Is Brian sleeping again?

siliconinvestor.com

Sharp Demand, Short Supply Boost Asia Chipmakers


By Tony Munroe Jul 12 11:30pm ET

HONG KONG (Reuters) - Investors see huge opportunity in the Asian semiconductor
industry as Internet applications, mobile phones and silicon-reliant appliances suck up
chip-making capacity faster than they can be filled.

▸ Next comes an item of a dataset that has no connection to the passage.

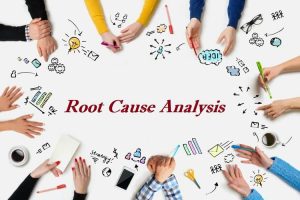 TRAINING ROOT CAUSE ANALYSIS
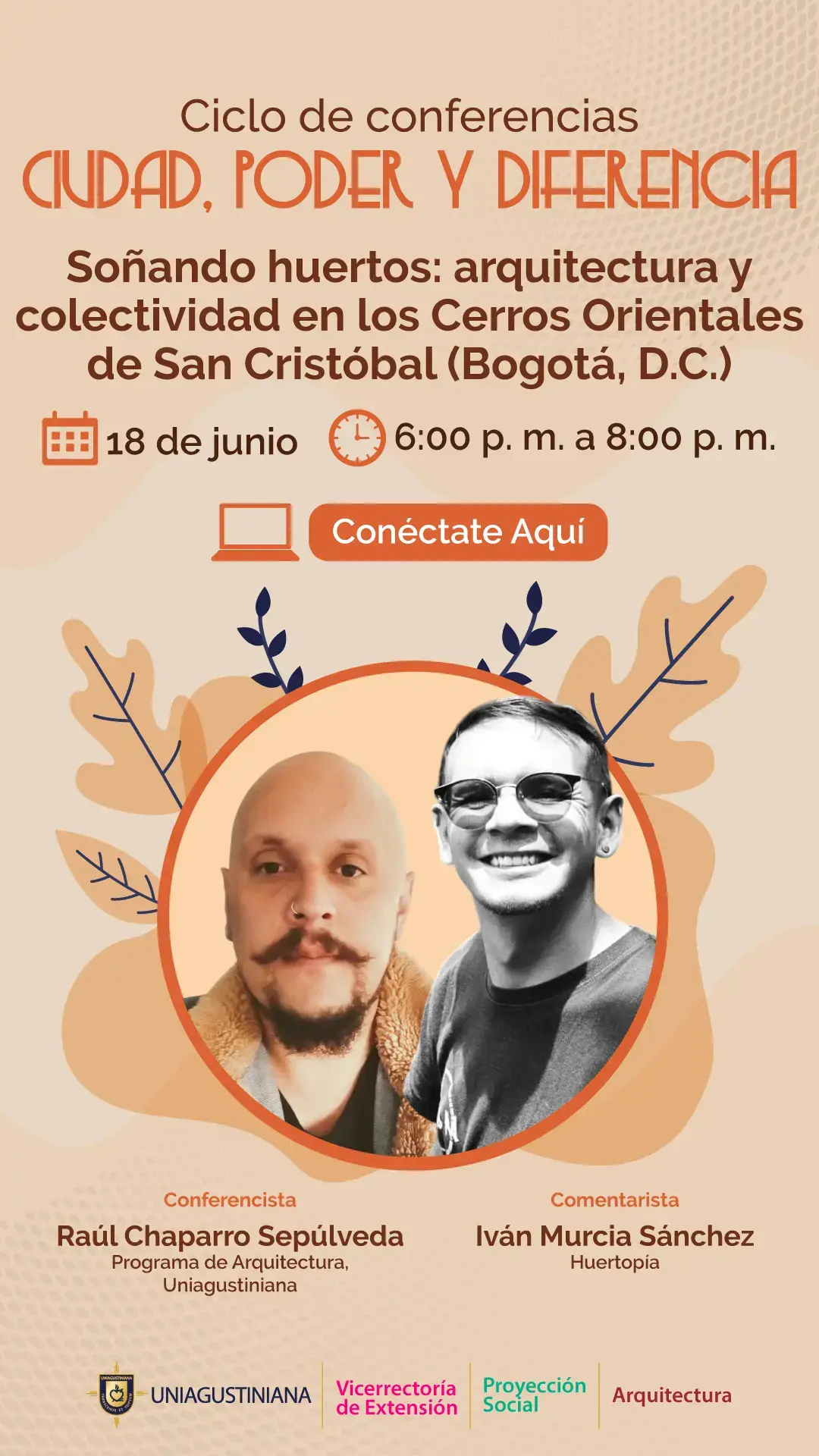 18 de Junio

``Technology has become the status symbol of consumption today,'' said Robin How,
managing director of A.P.C. Asset Management (Hong Kong) Ltd, who remains bullish
on the boom-and-bust prone sector.

``Even if there's a slowdown in demand, you're going to operate at 99 percent capacity
instead of 100.''

After a worst-ever industry slump that ended in 1998, times have vastly improved for
Asian semiconductor makers, where lead times for capacitors and flash memory chips
have extended to as much as 18 months. Prices and profits have risen accordingly.

Global chip sales reached a record US$15.8 billion in May according to the
Semiconductor Industry Association, a nearly 40 percent increase from a year earlier.

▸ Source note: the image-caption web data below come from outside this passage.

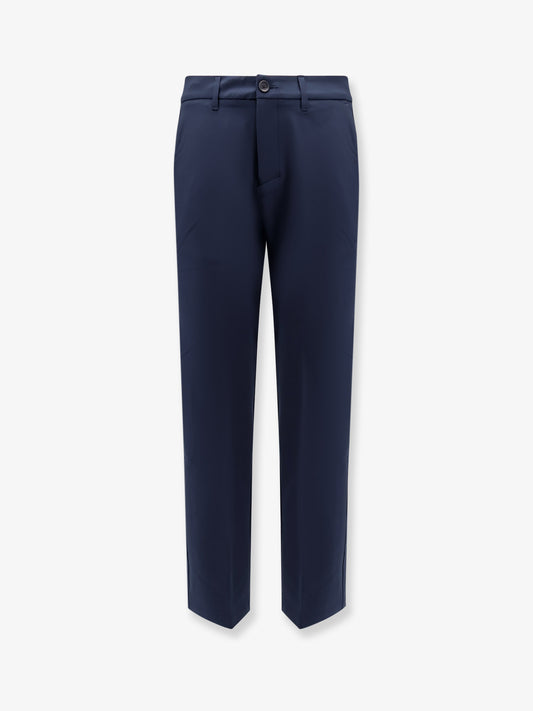 The Commuter-Slim Light Weight trousers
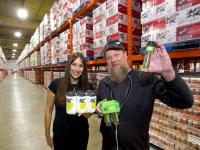 London beverage maker loses $24M in opportunities, plans $45M expansion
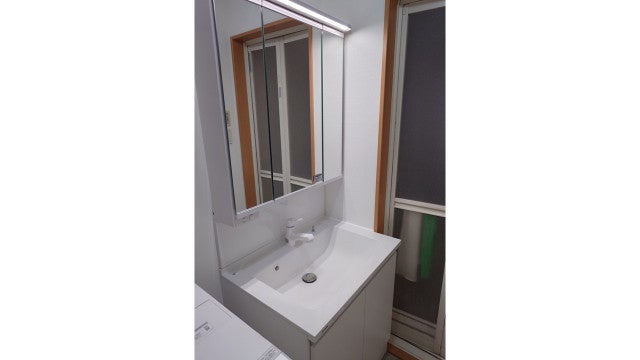 写真：リフォーム事例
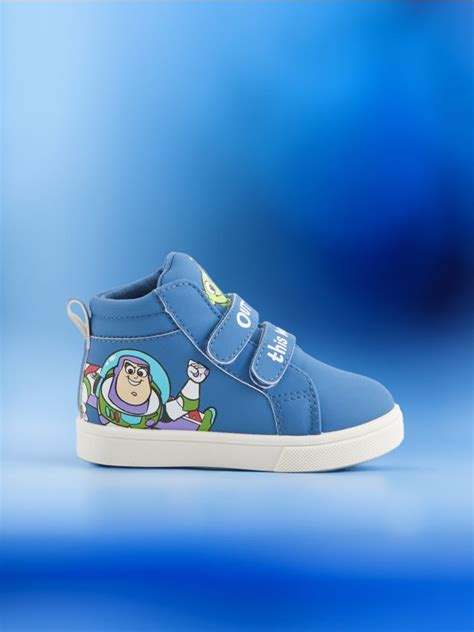 Patike Toy Story Boja Mid Blue SINSAY 5574C 52X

In Asia excluding Japan, chip sales saw a 45.8 percent year-on-year boost in May,
while Japan enjoyed a 43.6 percent sales surge. With sales totaling US$7.57 billion in
May, Asia, including Japan, accounted for nearly half the world's semiconductor sales,
according to the SIA.

``The demand is looking good,'' said Adrian Fu, portfolio manager with Investec
Guinness Flight Capital in Hong Kong, who predicts the current up-cycle for
semiconductor makers would be longer than usual given the diversity of demand.

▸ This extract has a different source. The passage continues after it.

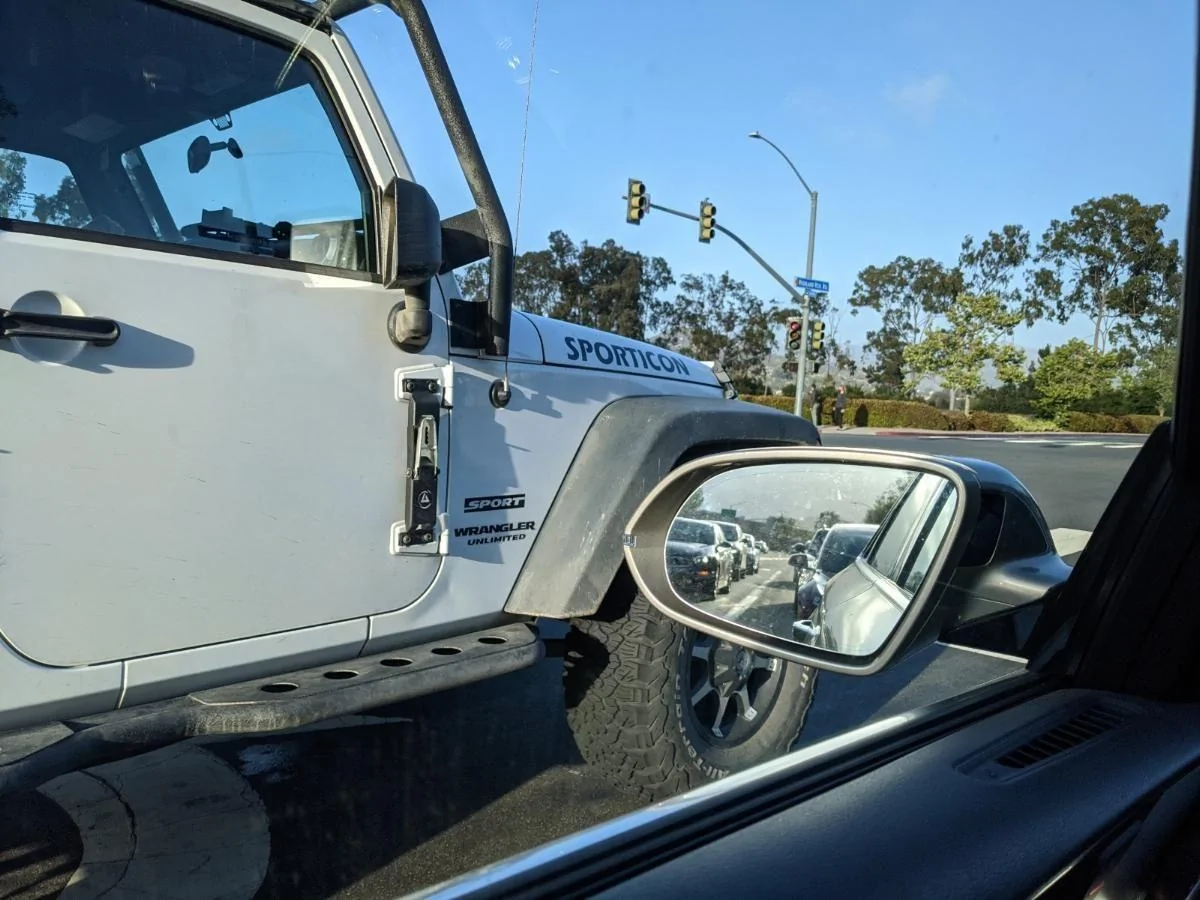 Jeep Gladiator Your favorite cant live without mod Sporticon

The present chip cycle is the industry's ninth. The previous cycle saw an upturn from
1992 through 1995, followed by a slowdown that lasted into 1998, according to Chase
H&Q.

One reason supply so sharply lags demand is that during the Asian financial crisis --
which occurred during the chip sector's last cyclical downturn -- no new capacity was
built in Korea or Japan, Chase H&Q said. Long lead times and immense expense
prevent new plants from quickly coming online to meet demand.

SOME NAYSAYING

But the upbeat sentiment isn't universal. Salomon Smith Barney roiled the chip world
last week with a report downgrading the industry to ``neutral'' from ``outperform'' based
on what it called ``slowly reversing industry fundamentals'' and slight decline in cellular
phone growth and surge in capacity.

Many came to the industry's defense.

``So what?'' asked How. ``You've got PDAs (personal digital assistants) coming
through, you've got in-car navigation systems, all of which use up chips instead ...
DVD (digital video disc) sales are mushrooming this year,'' he added.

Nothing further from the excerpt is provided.